Al funeral no asistió ninguna autoridad pública. A pesar de que Sagarra había sido el impulsor del Festival Grec, acompañó el nacimiento del Teatre Lliure y fue premio de periodismo Ciutat de Barcelona, premio nacional de periodismo de Catalunya y medalla de oro al mérito cultural del Ayuntamiento de Barcelona, al tanatorio no llegó ninguna corona de flores ni ningún representante de estas instituciones. El Teatre Nacional de Catalunya sí que envió una corona.
Montse Porta, dueña de la libreía Jaimes especializada en literatura francesa, recordó cómo a Sagarra no se le podía recomendar nada, pero que, conociendo sus gustos, se podían dejar libros dispuestos al azar en los mostradores para que los cogiera él mismo. “Solía venir los sábados por la mañana y siempre se llevaba lo que había seleccionado para él”, dijo.
Eugeni Madueño, el periodista que le propuso escribir en La Vanguardia cuando dejó El País, recordó cómo se reunían los miércoles para almorzar en Casa Leopoldo, un afamado restaurante del Raval, que hoy no vive ni siquiera del recuerdo de lo que fue.
Madueño reivindicó el periodismo de calle y proximidad que ejercitaba Sagarra, aquel tan cercano al lector y al ciudadano que “los diarios ya no hacen porque no pueden pagar a los periodistas para que pisen la calle”.
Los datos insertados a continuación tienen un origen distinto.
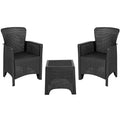 Merrick Lane Outdoor Furniture 3 Item Set Faux Rattan Resin Wicker Lounge Chairs And Side Table Dark Gray Patio Furniture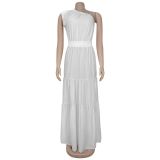 Solid Color Slash Shoulder Sleeveless Maxi Dress BY-7389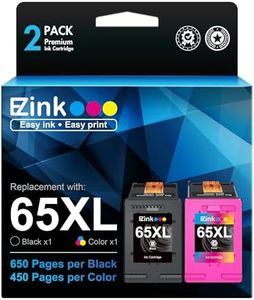 E-Z Ink (TM Remanufactured 65XL High-Yield Ink Cartridge Replacement for HP 65 XL to use with Envy 5055 5052 5058 DeskJet 2622 2624 2652 2655 3752 3755 Printer (Black and Tri-Color, 2 Pack)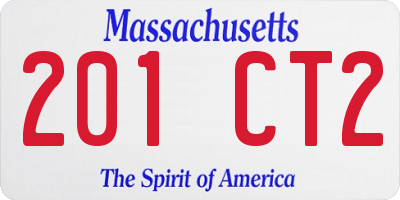 MA license plate 201CT2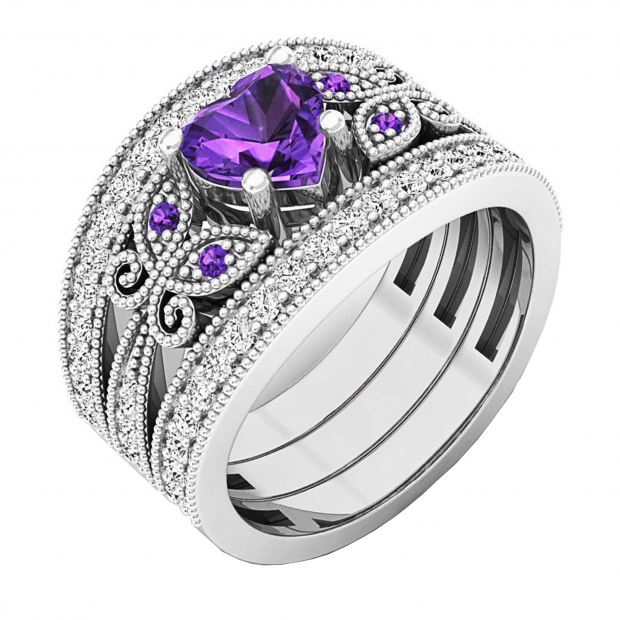 10K White Gold 6 MM Heart & Round Amethyst & Round Cubic Zirconia Ladies Vintage Ring Set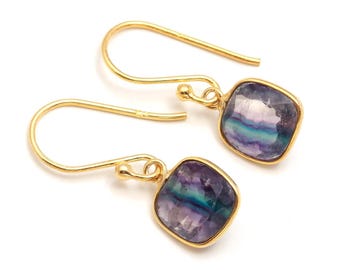 14k Gold Fluorite Square Dangle Earrings, Solitaire Lightweight Jewelry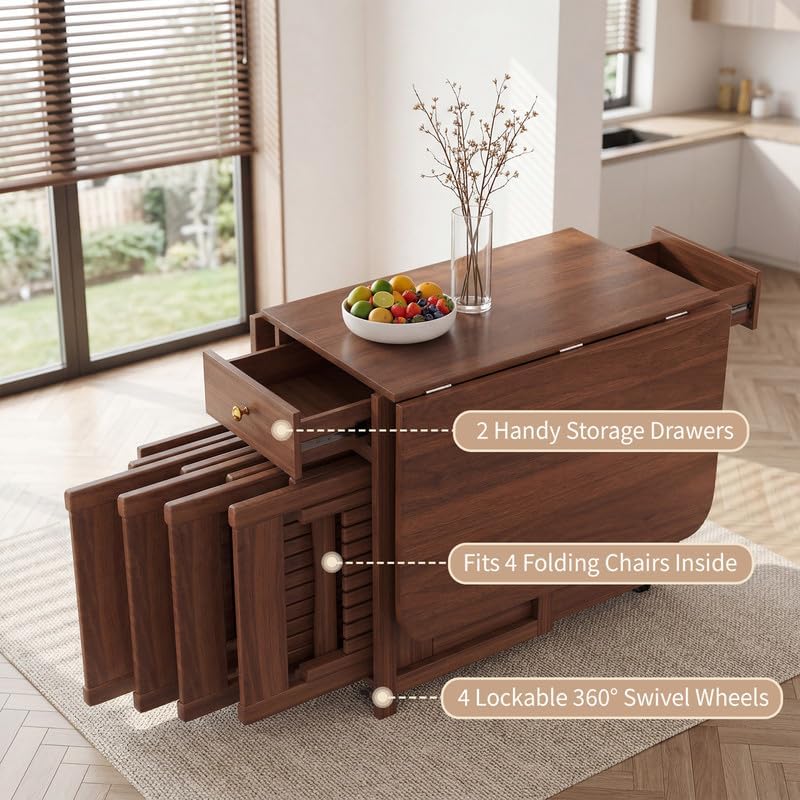Folding Dining Table - 59" Ready Assembled Space-Saving Drop Leaf Table with Storage & 4 Lockable Wheels for Dining Room, Kitchen (Walnut)
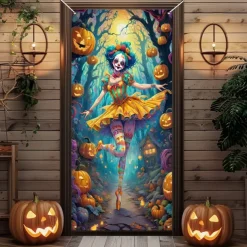 Halloween Door Cover Outdoor Banners Clown Psychedelic Dark Punk Gothic Style Party Outdoor Shooting Backgrounds Front Door Wall Porch Decorations Wall Door Background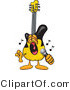 Vector Illustration of a Guitar Mascot Singing Loud into a Microphone by Mascot Junction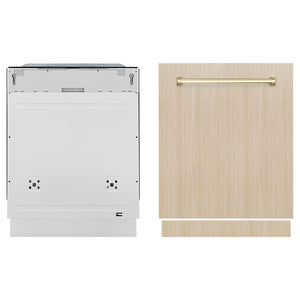 ZLINE Autograph Edition 24 in. Monument Series 3rd Rack Dishwasher with Auto Door Open Drying, 44dBa, Panel Ready with Polished Gold Handle (DWMTZ-24-G) front, dishwasher unit next to custom panel.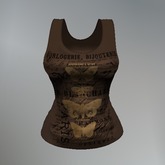 Brown Butterfly Mesh Tank Top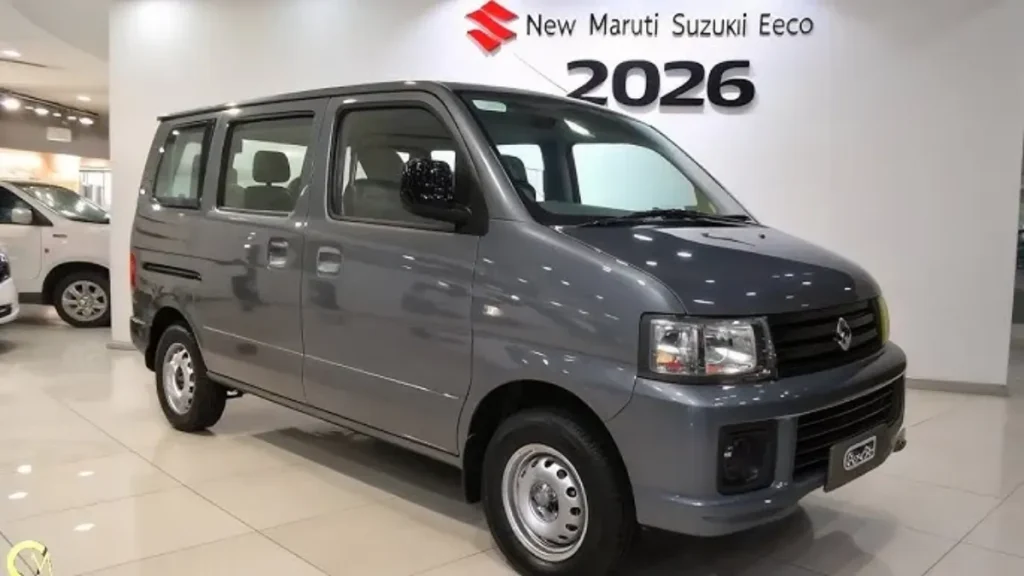 Gray Maruti Suzuki Eeco in showroom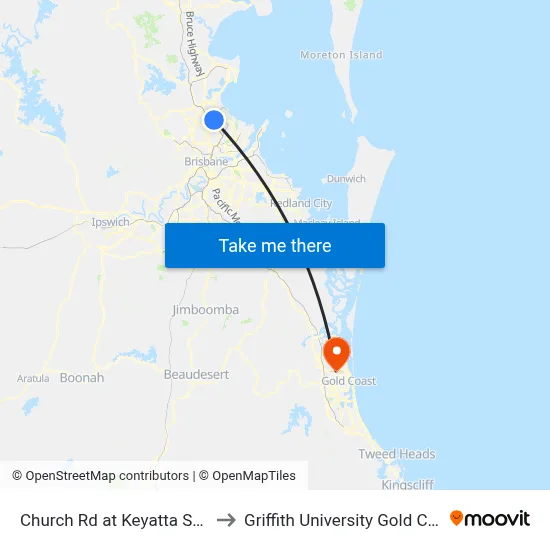 Church Rd at Keyatta Street to Griffith University Gold Coast map
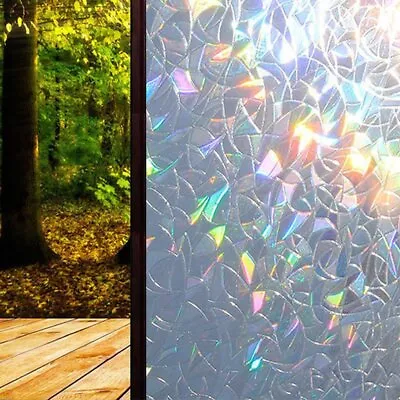 Rainbow 3D Reflective Window Film Decorative Privacy Static Clings Glass Sticker • $15.48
El gran valor literario de las crónicas de Sagarra, dijo Madueño, pertenecen a una época pasada, sepultada por un periodismo que, según su opinión, hoy prima el entretenimiento por encima de la calidad de las informaciones.
La maestría de Sagarra está concentrada en sus rumbas, artículos cortos y muy vivos, escritos a contracorriente, con humor, ironía y ciertas dosis de cinismo. Víctor-M. Amela y Xavier Mas de Xaxàs leyeron un par.
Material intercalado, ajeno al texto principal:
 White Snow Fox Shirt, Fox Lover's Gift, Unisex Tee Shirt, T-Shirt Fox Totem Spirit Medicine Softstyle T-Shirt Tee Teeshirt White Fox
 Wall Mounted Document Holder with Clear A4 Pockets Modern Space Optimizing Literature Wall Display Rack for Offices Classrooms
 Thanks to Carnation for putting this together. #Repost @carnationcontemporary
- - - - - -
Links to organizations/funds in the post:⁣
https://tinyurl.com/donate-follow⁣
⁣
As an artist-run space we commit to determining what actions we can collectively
En Can kistch -la que leyó Amela-, Sagarra llega a la médula del carácter catalán repasando las postales que se exhiben en un estanco al que he entrado a comprar un paquete de Celtas con filtro. Estas postales las acaba comparando con las canciones de Joan Manuel Serrat, “una natura para gentes de pisito, de piset, un piset de renta limitada, con una terracita en la que el palmón se inclina católicamente frente a la farigola, el lirio de san Antonio o la bombona de butano”.
Mas de Xaxàs leyó la rumba que Sagarra dedicó al Jazz-Colón, una disco en la parte baja de la Rambla donde, en 1968, “se destilaba una bestialidad químicamente pura”. Allí, los gitanos de Montjuïc se mezclaban con planchistas, dependientas de grandes almacenes y “una niña que estudia taquigrafía y se pirra por ir a Formentera”. En la pista del Colón aparece hasta Teresa Serrat, el personaje que creó Juan Marsé, “siempre emperrada en almorzar gato por liebre”.
La dicotomía entre las Barcelonas alta y baja, Sagarra la resuelve con el sentido del tráfico en la calle Tuset: “La dirección única de la calle Tuset debería colocarse en sentido contrario, es decir, hacia el mar, a la búsqueda de esa Barcelona de la mentira barata y tal vez por eso, por mentirosa y barata, más auténtica”.
Si al principio del funeral sonó La Paloma -la habanera que el propio Sagarra cantó de memoria pocos días antes de morir- y luego se pudo escuchar a Ovidi Montllor cantando Vinyes verdes, el broche final fue para la mítica Et maintenant, de Gilbert Bécaud, canción que termina con una confesión que es como un epitafio: “En el momento del adiós, realmente no me queda nada por hacer”.